Existen tres grandes teorías de la motivación del voto, y ninguna se muestra omnicomprensiva. La conductista de la Escuela de Chicago presenta a un ciudadano susceptible de influencia por la campaña electoral, el entorno próximo y el internacional, las emociones de la ira o el miedo, el tipo de elección, o la personalidad del candidato. De ahí, por ejemplo, la creciente volatilidad del voto y la importancia del liderazgo como reclamo. La teoría de la motivación cultural, por otro lado, hace hincapié en la influencia de los aspectos históricos e inerciales, el peso de la tradición familiar o local, los hábitos propios, y la ubicación social del elector: estatus, economía o estudios. Por último, la «rational choice», que imagina al elector como un ser racional, tal y como sostuvo Downs, cree que el voto es el resultado de un ejercicio contable, al que no afectan campañas ni entornos, porque se autoabastece de información y decide.

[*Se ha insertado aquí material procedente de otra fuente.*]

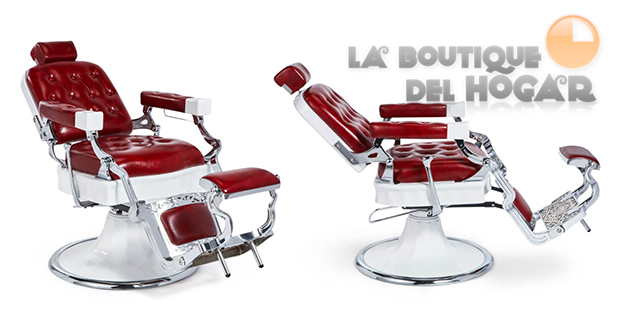 Sillón Clásico de Barbero hidráulico estilo Retro Vintage con reposapies integrado Modelo Jones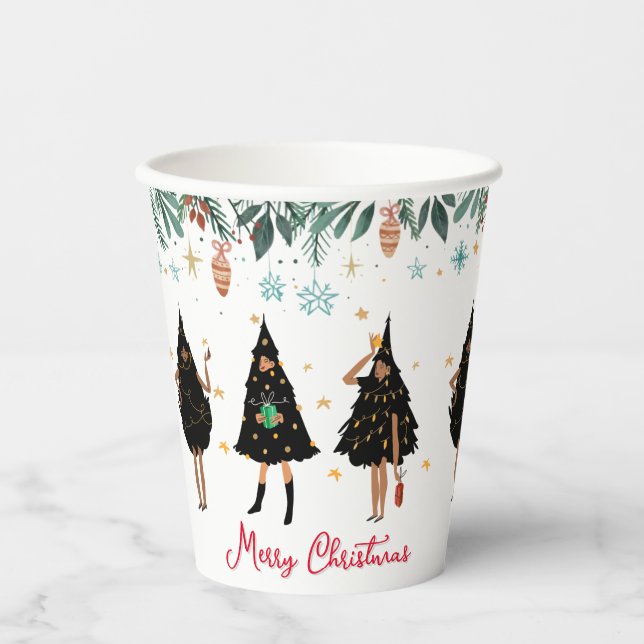 Black Women Dressed in Black Christmas Tree Party Paper Cups (Front)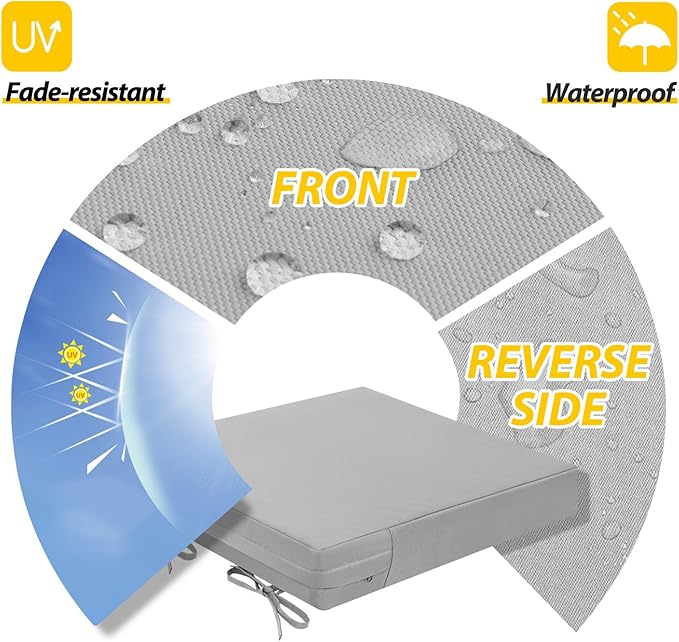 AAAAAcessories Outdoor Seat Cushions for Chairs, Waterproof, Fade-Resistant Patio Furniture Replacement Cushions, 20" x 20" x 3", Set of 2, Gray-VerdiqueGarden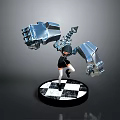 Shiny Metallic 3D Girl Character With Large Mechanical Creature Arms On Checkered Base
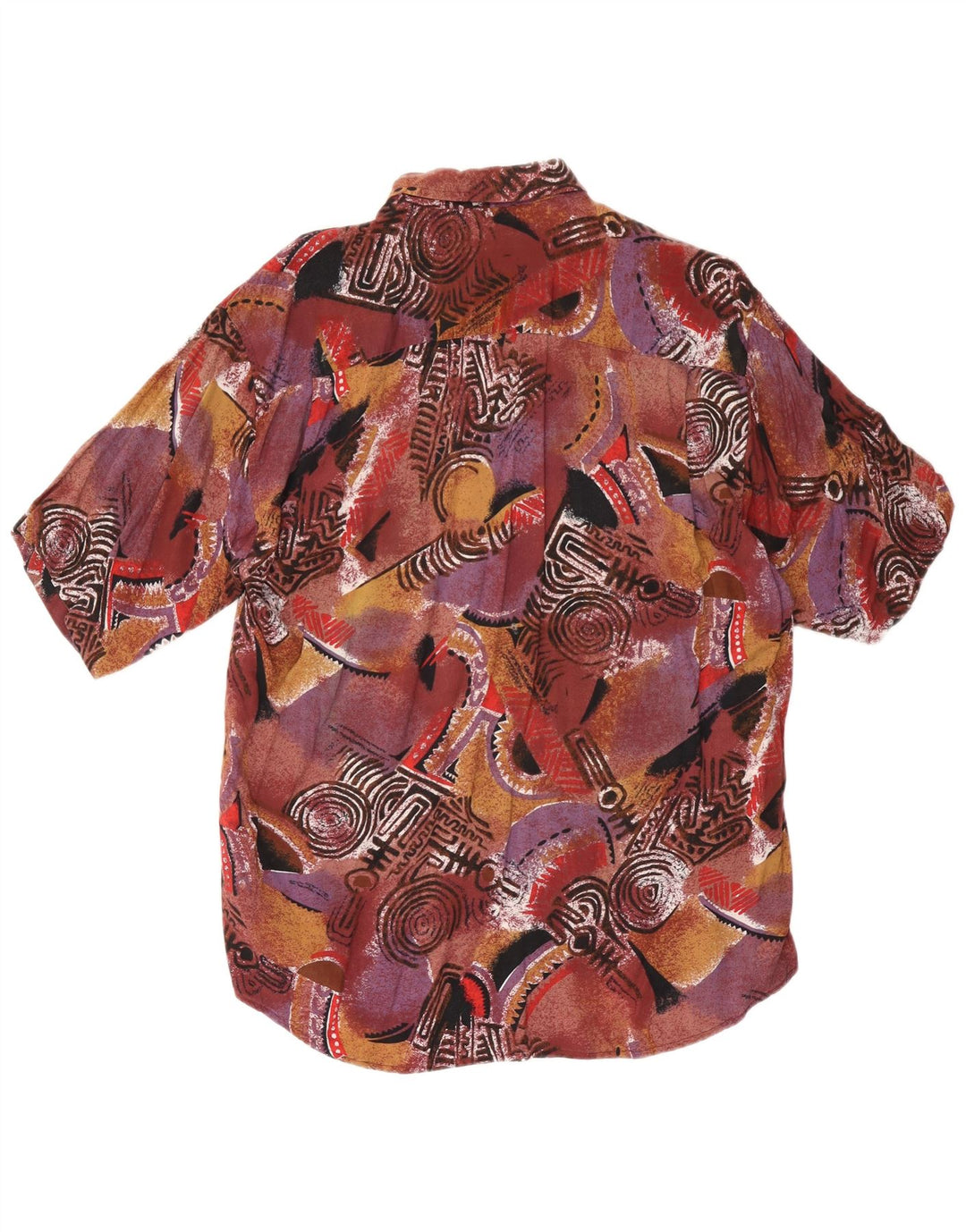 Cămașă Vintage pentru bărbați cu mânecă scurtă mare maro geometrică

Pero en el fondo está el concepto de democracia, discutido por el populismo socialista justamente para acabar con las libertades. La trampa del debate es creer que la democracia es solo votar, como advirtió Samuel Huntington, cuando en realidad es política pura, y así lo entendieron sus teóricos desde Tocqueville en adelante. La argumentación de la democracia como algo económico es algo que siempre ha sostenido la izquierda. El populista neomarxista Jacques Rencière la define como la «acción de sujetos que, trabajando sobre el intervalo entre identidades, reconfiguran las distribuciones de lo privado y de lo público, de lo universal y lo particular». ¿Dónde quedan en esta definición economicista de democracia los derechos individuales, la seguridad jurídica, el «check and balance» entre poderes, o las elecciones libres, plurales y competitivas? La democracia no es pasar de un conjunto de voluntades individuales a una sola orgánica, porque es así como se podría definir el Estado corporativo del fascismo italiano. Tampoco se puede contraponer el liberalismo y la democracia, cuando la Historia ha demostrado que son inseparables. No; la democracia se define por las citadas instituciones políticas, como han señalado Sartori, Bobbio, Lipset o Robert Dahl.

Si las instituciones no funcionan de forma deseable, se reforman a golpe de opinión pública siguiendo las reglas de juego, como han hecho históricamente países democráticos como EE UU, Reino Unido y la Europa continental occidental desde 1945. No confundamos una democracia mejorable con una no-democracia, o lo mezclemos con economicismos, porque es hacerle el juego al populismo socialista a la hora de deslegitimar nuestro sistema.